Through my work, I’ve been able to help a huge range of businesses - not just engineering companies, but wealth management, mortgage advice, pest control, plumbing, and more. You get to see behind the scenes of how all these different businesses operate, which is an incredible learning experience.
- AI strategy and education: Where does AI sit within a business? How can we automate processes?
- AI-powered web apps: Full-stack development for internal tools or customer-facing products
- Business automation: You wouldn’t believe how many businesses still copy and paste between systems
- AI recruitment: Matching businesses who need AI talent with students and graduates who have the skills
The Skills That Actually Matter

The biggest challenge right now is that most universities treat AI as cheating. They block its use. But in industry, if you can do something faster and better, why wouldn’t you? Here are the skills that are genuinely in demand:
- AI tool proficiency: Can you use ChatGPT, Claude, and other tools effectively? Do you know which ones are better for different tasks?
- Process automation: Whatever role you go into, being able to look at a process and ask “why are we still doing it this way?” makes you incredibly valuable
- Domain-specific knowledge: If you only have AI skills without understanding the actual work, you’ll struggle. It’s the blend of both that makes you powerful
- Critical thinking: AI can be confidently wrong. If you pass off an AI-generated report to your manager without checking it, you own that mistake
- Communication: Not just with people, but with AI. Large language models are prediction engines - how you communicate with them directly affects the quality of the output
The Business Case for AI Skills
Here’s a simple example.

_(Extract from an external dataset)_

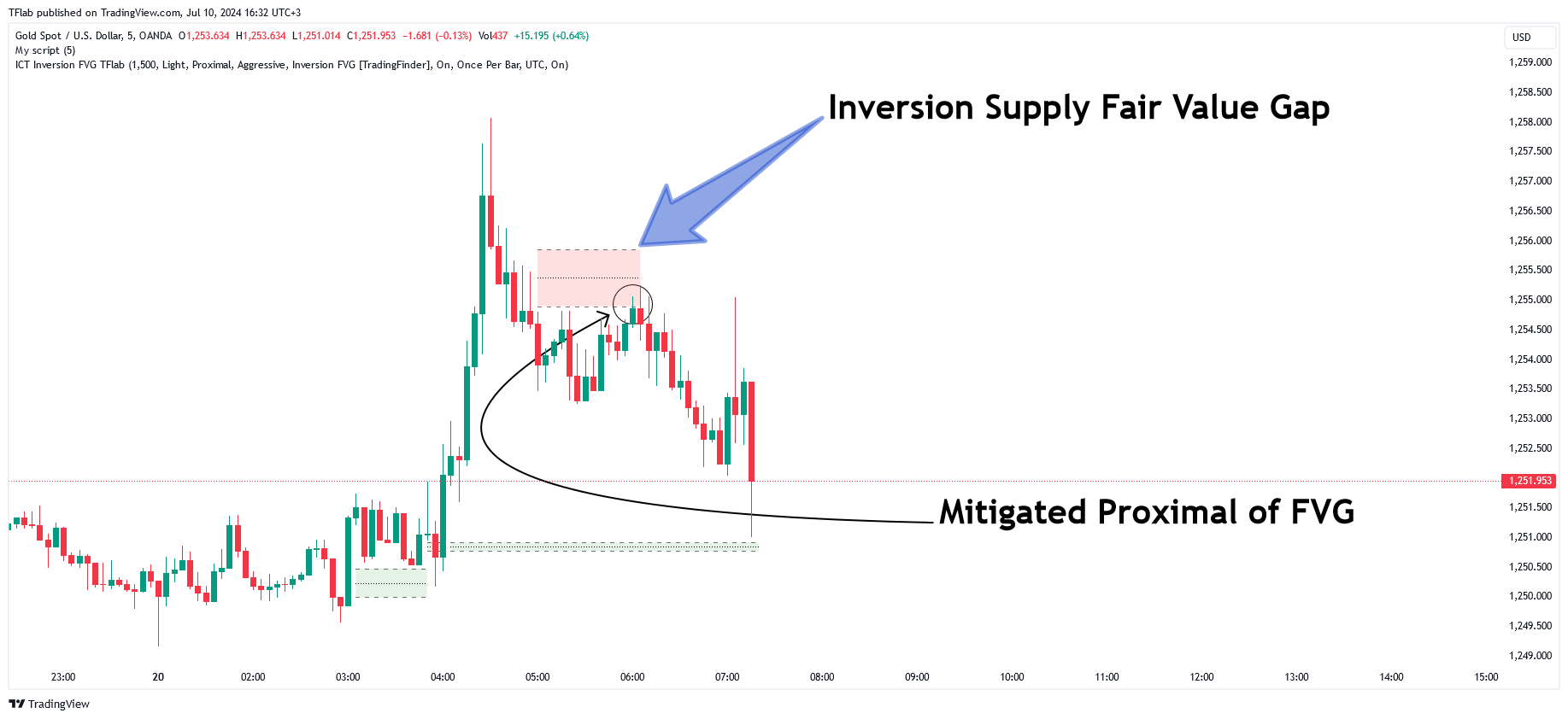 OANDA:XAUUSD Chart Image by TFlab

Say John spends two and a half hours each week reviewing documents and pulling information. Across ten staff, that’s around 1,300 hours per year. Teach John to use ChatGPT to extract and validate that information, and he might only spend 30 minutes on validation instead. That saves over 1,000 hours per year - at a $100 hourly rate, that’s $104,000 in savings, just from teaching people to use a chatbot.
How to Start

Universities aren’t teaching this. Schools aren’t teaching this. So where do you go to learn? Honestly - just start. Ask yourself: what problems do I have in my day-to-day life? What about my parents, my friends, or someone running a business?

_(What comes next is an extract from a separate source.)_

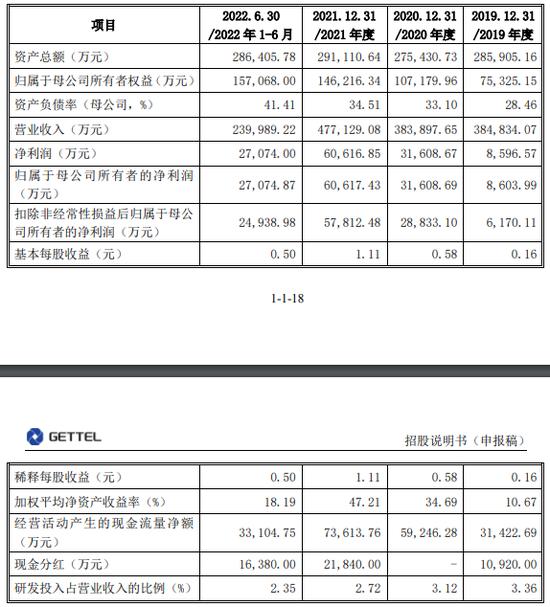 金田新材二冲IPO募资增5.7亿 偿债能力偏弱分红4.9亿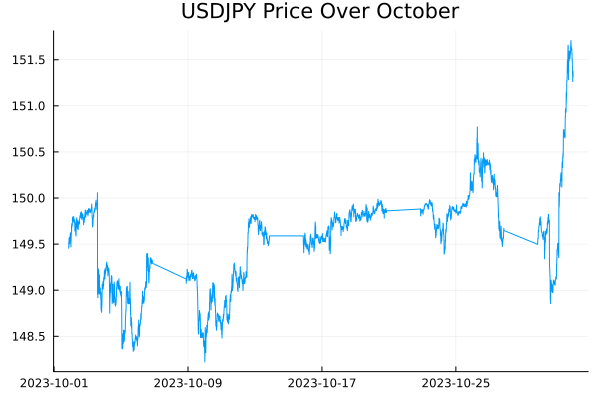 USDJPY October price chart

My first project was Glow for Less - a web app for my partner to find cheaper alternatives to makeup products by scanning ingredients. Nothing engineering-related, but it built up the skills of taking a real problem and building a solution.
Building a Community

I noticed that most AI communities are focused on high-level governance and enterprise. So I set up Young Kiwis in AI - a community to connect young professionals in the space. We meet up on the last Monday of every month with member spotlights, talks, and in-person events.
My Advice
If I could tell myself two years ago one thing, it would be: just do it. Post something on social media. Build a project. Talk to someone. The best time to start was yesterday. The second best time is right now. Go build something, go talk to someone, go post something. Just start.